La información fue confirmada por el sitio oficial del poder judicial iraní, que detalló que los condenados fueron ahorcados tras un proceso judicial cuyas sentencias habían sido ratificadas por la Corte Suprema. Ambos fueron hallados culpables de “rebelión” y de participar en actividades consideradas terroristas con el objetivo de desestabilizar al gobierno.
Con estas ejecuciones, ya son seis los integrantes del MEK ajusticiados en la última semana, en un contexto de creciente tensión política y social dentro del país.
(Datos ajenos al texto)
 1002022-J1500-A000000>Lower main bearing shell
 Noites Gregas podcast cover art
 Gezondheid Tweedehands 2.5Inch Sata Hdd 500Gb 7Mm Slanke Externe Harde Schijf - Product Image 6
El grupo, que inicialmente apoyó la revolución islámica de 1979, rompió con el régimen en la década de 1980 y desde entonces opera principalmente en el exilio.
Las autoridades iraníes lo consideran una organización terrorista y lo acusan de llevar adelante acciones de sabotaje, mientras que organizaciones internacionales de derechos humanos denuncian persecución política y falta de garantías judiciales en los procesos.
Según diversos informes, Irán se mantiene como uno de los países con mayor número de ejecuciones en el mundo, solo por detrás de China, lo que genera constantes cuestionamientos de la comunidad internacional.
En este marco, organismos como la ONU volvieron a expresar su preocupación por el incremento de la pena de muerte en el país y reclamaron el respeto de los derechos fundamentales.
La situación se da además en un escenario geopolítico complejo, con acusaciones cruzadas entre Teherán y potencias occidentales. Días atrás, las autoridades iraníes también ejecutaron a un hombre acusado de colaborar con Estados Unidos e Israel durante protestas antigubernamentales.
Este endurecimiento de la política interna refuerza el clima de tensión tanto a nivel doméstico como internacional, en un momento de alta conflictividad en la región.